## RECORDS SHOWN
<<<<
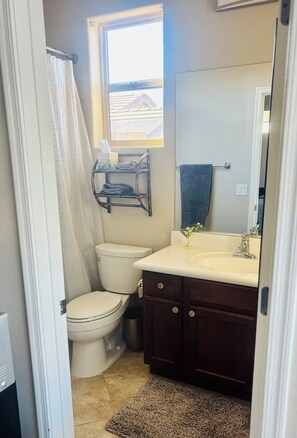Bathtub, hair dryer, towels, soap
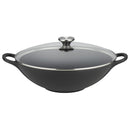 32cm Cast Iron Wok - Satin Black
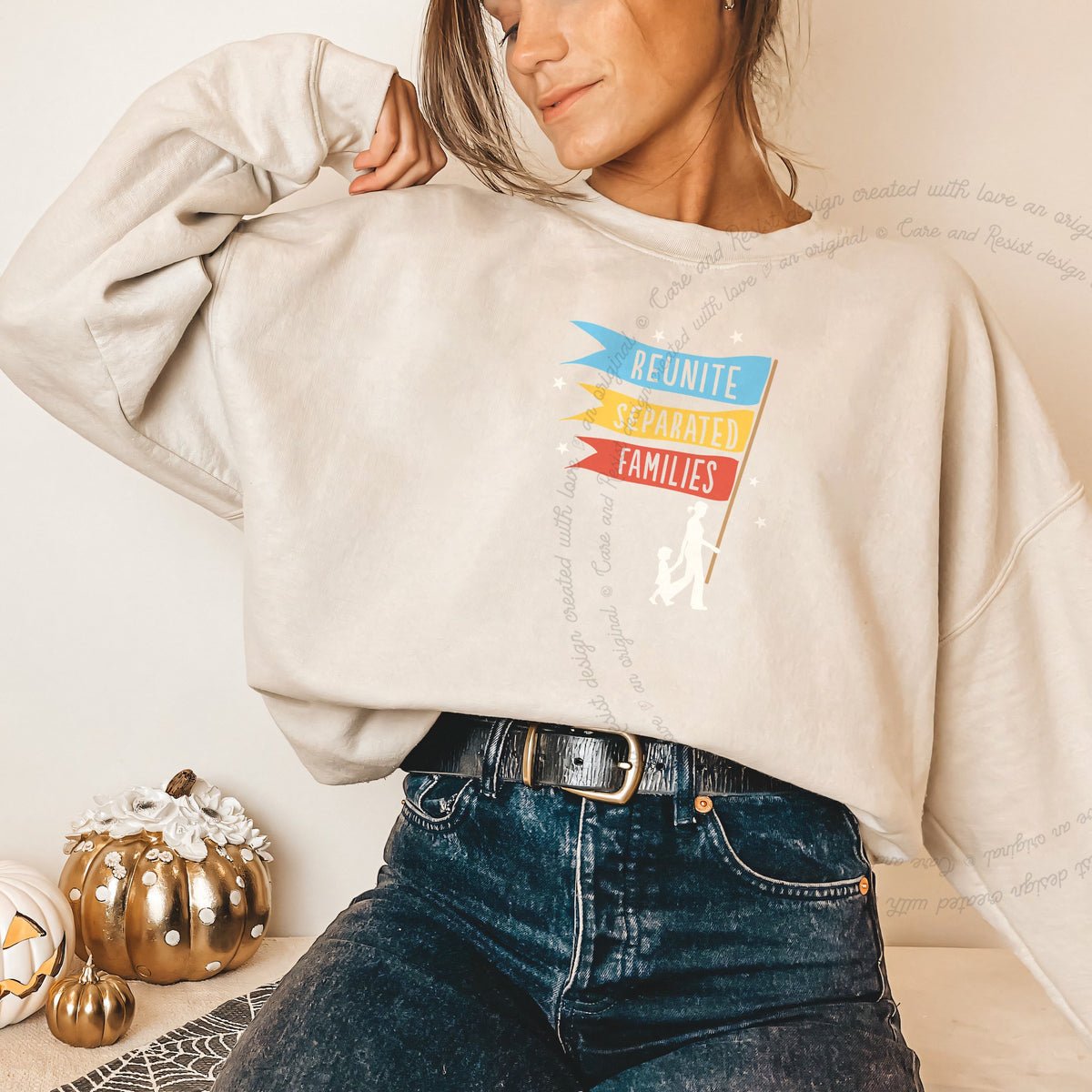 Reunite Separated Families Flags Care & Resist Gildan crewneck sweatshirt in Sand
>>>>
<<<<
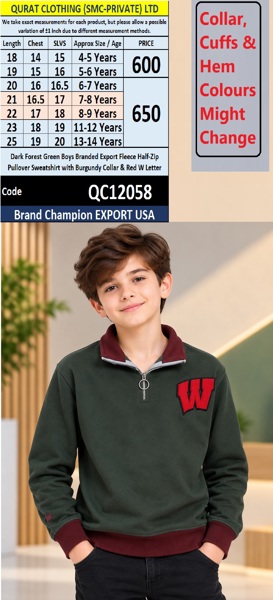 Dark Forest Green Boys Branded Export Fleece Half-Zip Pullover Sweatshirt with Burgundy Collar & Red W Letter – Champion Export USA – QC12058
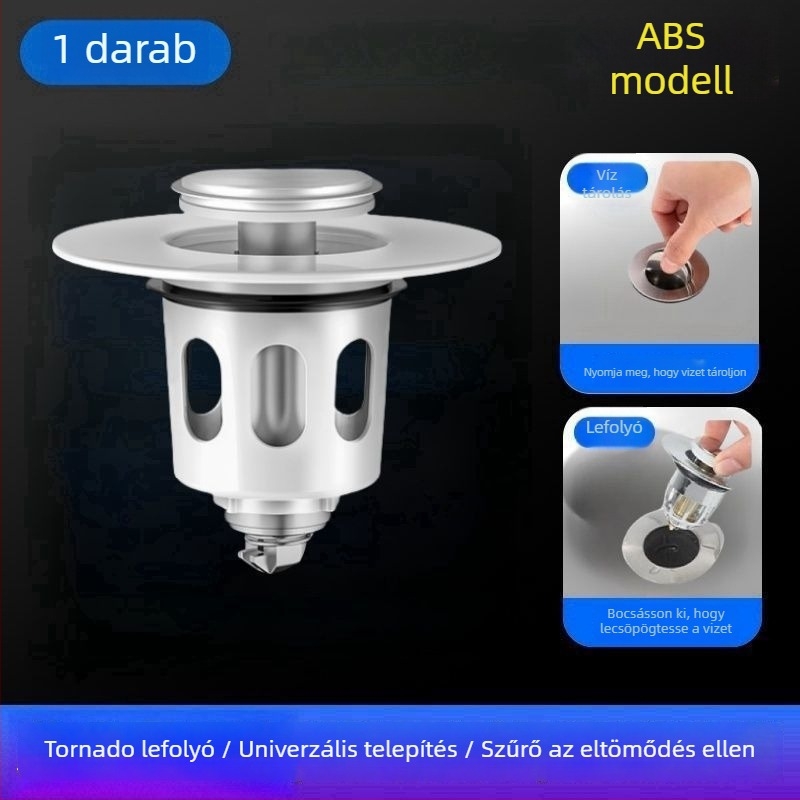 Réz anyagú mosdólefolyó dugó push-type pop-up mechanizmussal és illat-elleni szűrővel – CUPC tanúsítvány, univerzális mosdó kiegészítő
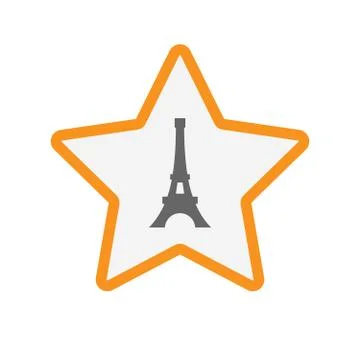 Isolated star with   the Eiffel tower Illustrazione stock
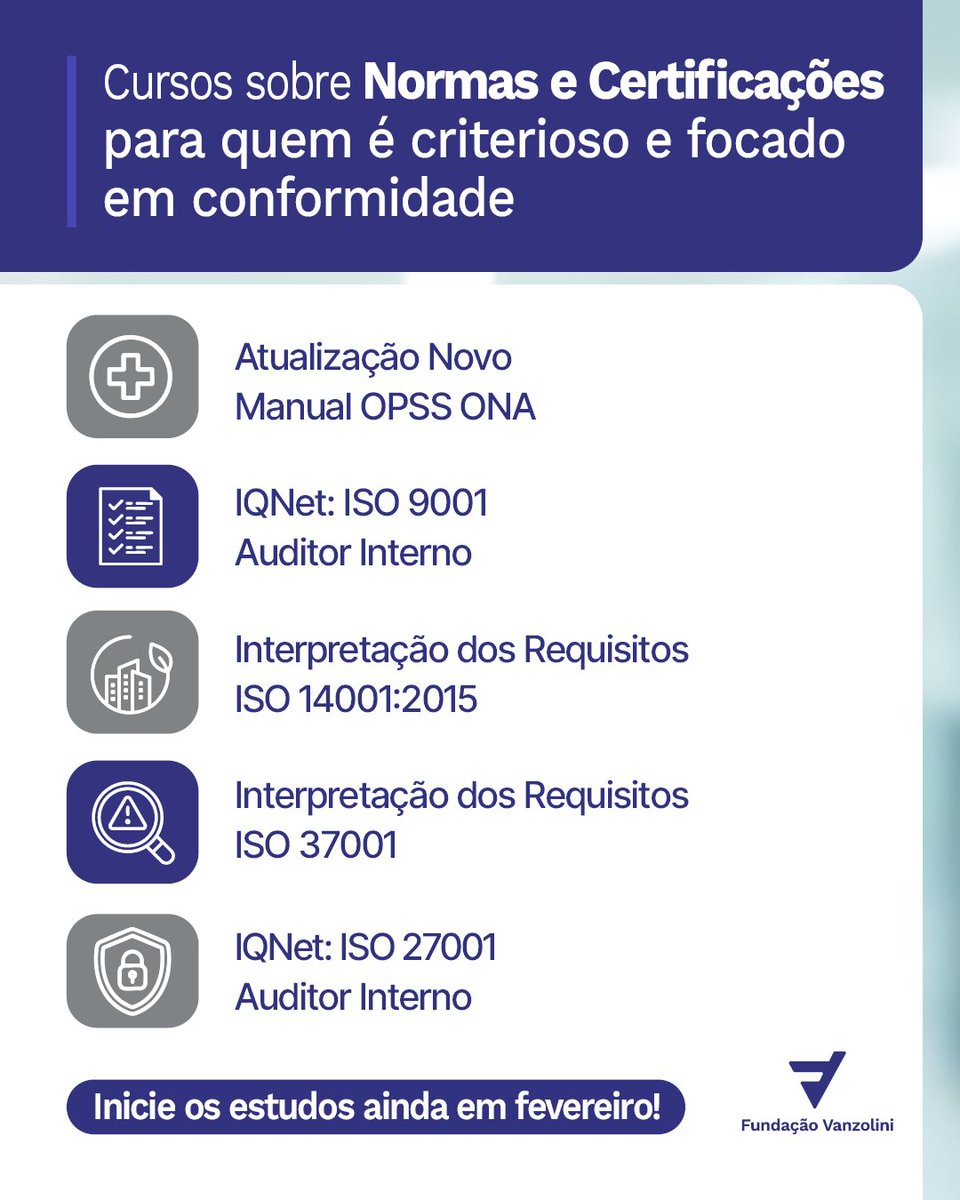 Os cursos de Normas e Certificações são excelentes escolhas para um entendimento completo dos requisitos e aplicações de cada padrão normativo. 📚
>>>>
<<<<
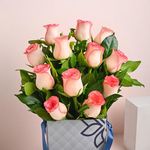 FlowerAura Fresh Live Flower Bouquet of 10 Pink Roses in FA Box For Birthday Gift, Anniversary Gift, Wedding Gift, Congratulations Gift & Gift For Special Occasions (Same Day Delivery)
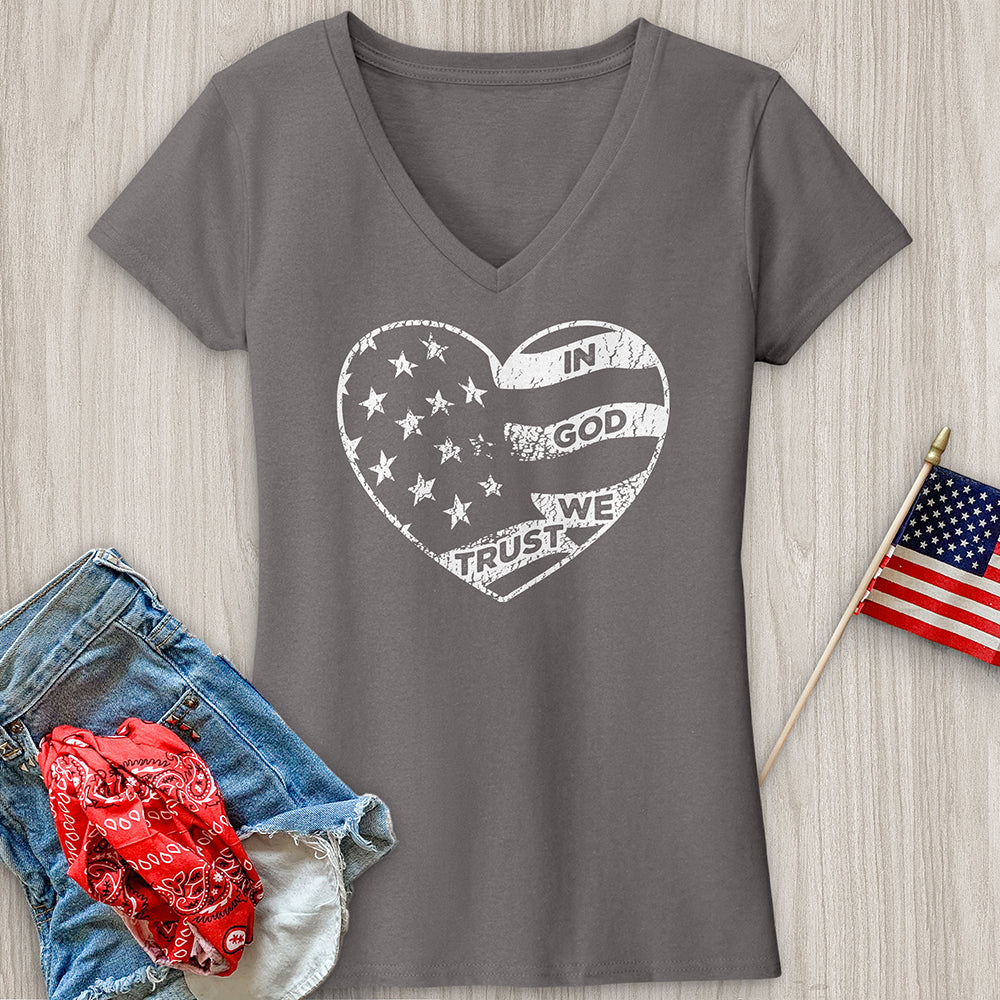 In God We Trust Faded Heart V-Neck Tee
>>>>
Retype, exactly and with no pictures, everything above from the line with "Bathtub, hair dryer, towels, soap" down to the line with "Reunite Separated Families", both included.

## EXERCISE SOLUTION
Bathtub, hair dryer, towels, soap
 32cm Cast Iron Wok - Satin Black
 Reunite Separated Families Flags Care & Resist Gildan crewneck sweatshirt in Sand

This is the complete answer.